Real GDP is measured in constant local currency. Source: OECD, National Accounts Statistics; and Fred, Economic Data.
The labor tax wedge is defined as the ratio between the average tax paid by a single-earner family (one parent at 100 percent of average earnings with two children) and the corresponding total labor cost for the employer. The labor tax wedge is available from the OECD for 2000 to 2016, and was extended back to 1980 using Bassanini and Duval (2006) and IMF (2016). The latter series is available only in uneven years; the value of the labor tax wedge in even years is obtained by linear interpolation. Sources: OECD, Tax database; Bassanini and Duval (2006); and IMF (2016).

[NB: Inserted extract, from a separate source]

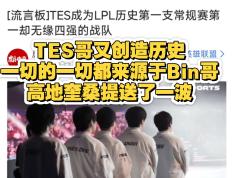 开云体育app-关于IG力克TES，Inspired关键团战开团秒人宿命之战入围赛，技惊四座的信息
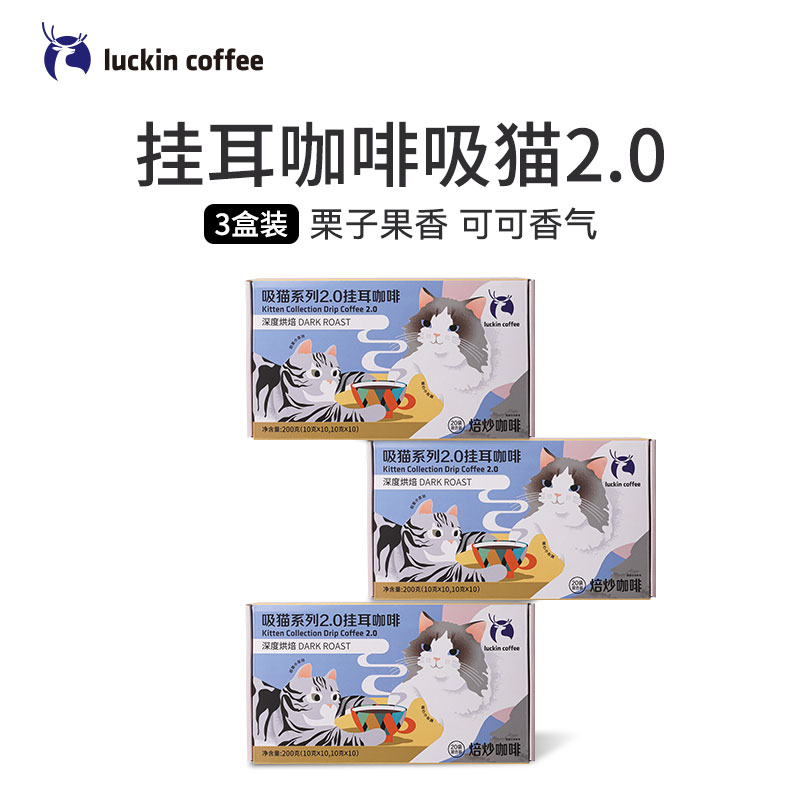 瑞幸咖啡（luckincoffee）咖啡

The generosity of the unemployment benefits system is measured as the gross replacement rate, which, in turn, is computed as the gross unemployment benefit levels as a percentage of previous gross earnings. The summary measure with the best coverage is the average of the gross unemployment benefit replacement rates for two earnings levels, three family situations, and three durations of unemployment. Such measures are available in uneven years, and are interpolated to obtain their values for even years. The reported values are for the average worker from 2001 to 2011, and average production worker from 1961 to 2005. The two series are spliced. Source: OECD, Benefits and Wages database.
Public expenditure on ALMP is calculated as ALMP spending per unemployed person in percent of GDP per capita, following Gal and Theising (2015). Source: OECD, Employment database.
Restrictiveness of migration policy is an index with information about all changes to the existing legal framework relevant for migration (see also De Resende, 2014). We focus on major changes in policies guiding the post-entry rights or other aspects of migrants’ integration. Source: International Migration Institute, DEMIG POLICY database.
Union density is measured as net union membership as a proportion of wage earners in employment. Source: OECD, Employment database.
Coordination of wage setting is an index of the centralization of bargaining. The index runs from 1 to 5 with values defined as (1) Fragmented wage bargaining, confined largely to individual firms or plants, (2) mixed industry and firm-level bargaining, weak government coordination through minimum wage setting or wage indexation, (3) negotiation guidelines based on centralized bargaining, (4) wage norms based on centralized bargaining by peak association with or without government involvement, and (5) maximum or minimum wage rates/increases based on centralized bargaining. Source: Amsterdam Institute for Advanced Labour Studies, Database on Institutional Characteristics of Trade Unions, Wage Setting, State Intervention, and Social Pacts.
Part-time employment is measured as the proportion of employees with a part-time contract to total employees. Source: OECD, Employment database.
Job-protected maternity leave is defined as the total number of weeks of job-protected maternity, parental, and extended leave available to mothers, regardless of income support. Source: OECD, Family database.
The statutory retirement age is defined as the population-weighted average at which workers can retire. Source: Social Security Programs throughout the World.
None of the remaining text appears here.